My friends and I used to do an annual “Guac Off”. Anyone could enter, anonymous voting, most votes win. It was a standard taste test amongst friends and it really stretched people’s creativity. There have been different types of peppers and spices, smoking ingredients, adding bacon or cheese. I have had the privilege of winning a couple of times, therefore I put quite a bit of pressure on myself to come up with a guac substitute for those of us that have to stay away from fructose.

Serve With:

  • Tortilla Chips (recommend Siete Grain Free)
  • Fish Tacos
  • Carnitas Tacos
  • Burrito Bowl 
  • Quesadilla 
  • Toast and Poached Egg 

What you need:

  • Avocados 
  • Cumin
  • Kosher Salt and Black Pepper
  • Lime Juice
  • Optional: roma tomato, jalapeno, cilantro, red onion, garlic
  • Cutting Board and Sharp Knife
  • Glass Bowl with Tight Lid
  • Strong Fork

The Mash

The mash doesn’t take much, it is quick, easy and delicious. Place your avocados on your cutting board and find a sharp knife. Cut each avocado in half and remove the pit. If you cannot “pop” the pit out of the avocado by pressing your thumb and fingers on either side of the avocado half, you’ll need your knife. I cannot reiterate that you need a sharp knife for this. Hold the avocado vertically and tap your knife into the pit. You do not need to tap too hard, but make sure you give it a good tap to get the blade into the pit.  Give a small twist and the pit should come out easily. Use your thumb to slide the pit off the knife. 
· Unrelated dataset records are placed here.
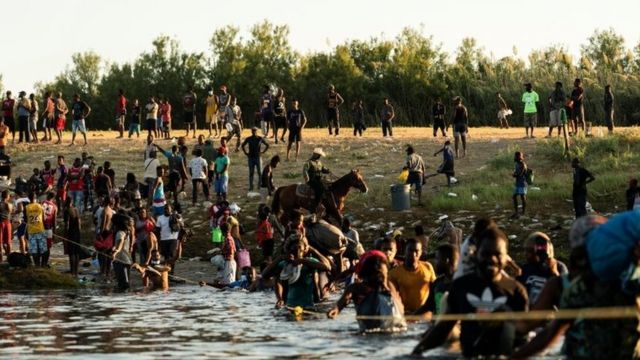 Agents de patrouille frontalière du Texas a cheval parmi des dizaines de migrants a pied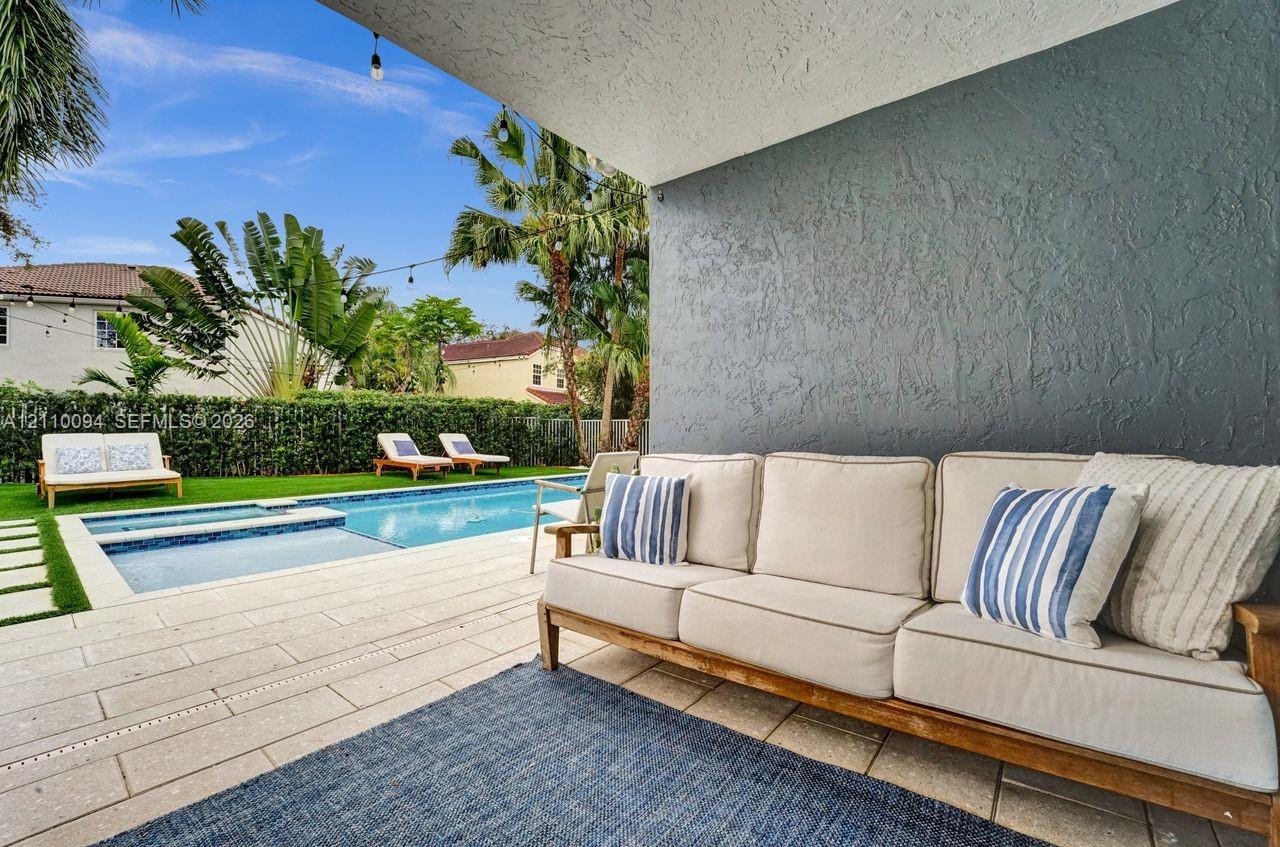 Covered patio featuring a textured grey accent wall, stone-style pavers, and a built-in string lighting system overlooking a rectangular swimming pool with an integrated spa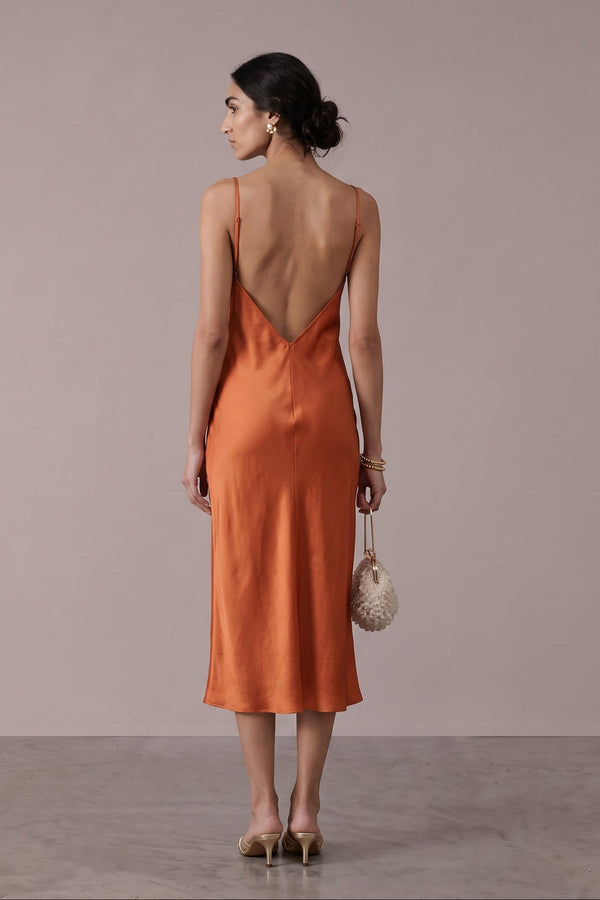 A woman stands with her back to the camera wearing a sleeveless, open-back midi dress in a warm rust-orange color. She is holding a small woven handbag and wearing beige heels, set against a minimalist studio backdrop with a dusty pink wall and gray floor.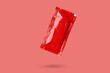 Blank red foil tomato ketchup sauce sachet package float on red background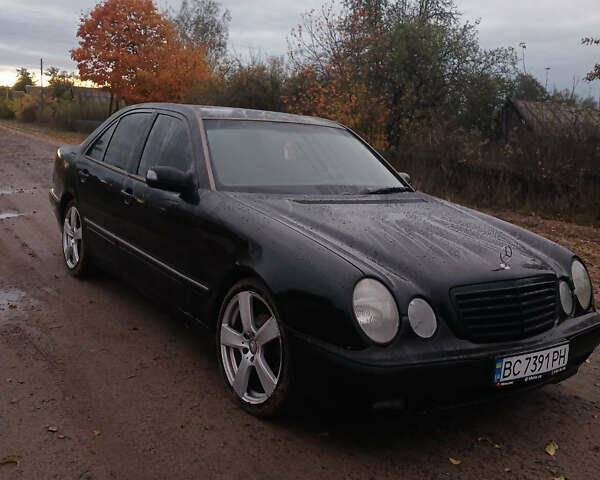 Чорний Мерседес Е-Клас, об'ємом двигуна 2 л та пробігом 360 тис. км за 2900 $, фото 5 на Automoto.ua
My favorite way to mash is to give a quick dice to the avocado while it is in the shell. You can then spoon out the flesh and add it to your bowl. Next, using a good fork, begin to lightly mash. Before you finish mashing, add the zest and juice of a lime, cumin, salt and pepper. There is a local salt store near me that sells flavored salts. If I have it on hand, I like to use their lime salt in this recipe in place of the kosher salt. Mash the avocado a little more until you get it to the consistency of your liking. I personally like to leave it with some texture. Now eat up.

Now, if you want to turn this into guacamole, you’ll need to stir in diced roma tomatoes, red onion, garlic, jalapeños, cilantro and a dash or two of your favorite hot sauce (ours is chipotle tabasco for the smoky flavor). You can find the full recipe here, in the banana banjos section.

Avocado Mash
Intolerances: Fructose, Gluten, Dairy, Soy

Serves: 2-4
Prep Time: 5 minutes Total Time: 5 minutes

2 Large Avocados
1 tsp Lime Kosher Salt (sub kosher salt)
1/4 tsp White Pepper (sub black pepper)
1/2 tsp Cumin
1/2 Lime, Juiced
1 tsp Lime Zest

  1. Slice open each avocado and remove the pit. Remove the flesh into a bowl (I will dice within the skin before removing) and begin to mash with the backside of a fork. 
  2. Zest the lime and reserve, slice in half.
  3. Add salt, pepper, cumin, lime juice and zest to the avocado. Continue mashing and stirring to integrate the spices. 
  4. Store in an airtight container with a lid for 3-4 days. Keep the avocado pits in the mixture to reduce browning.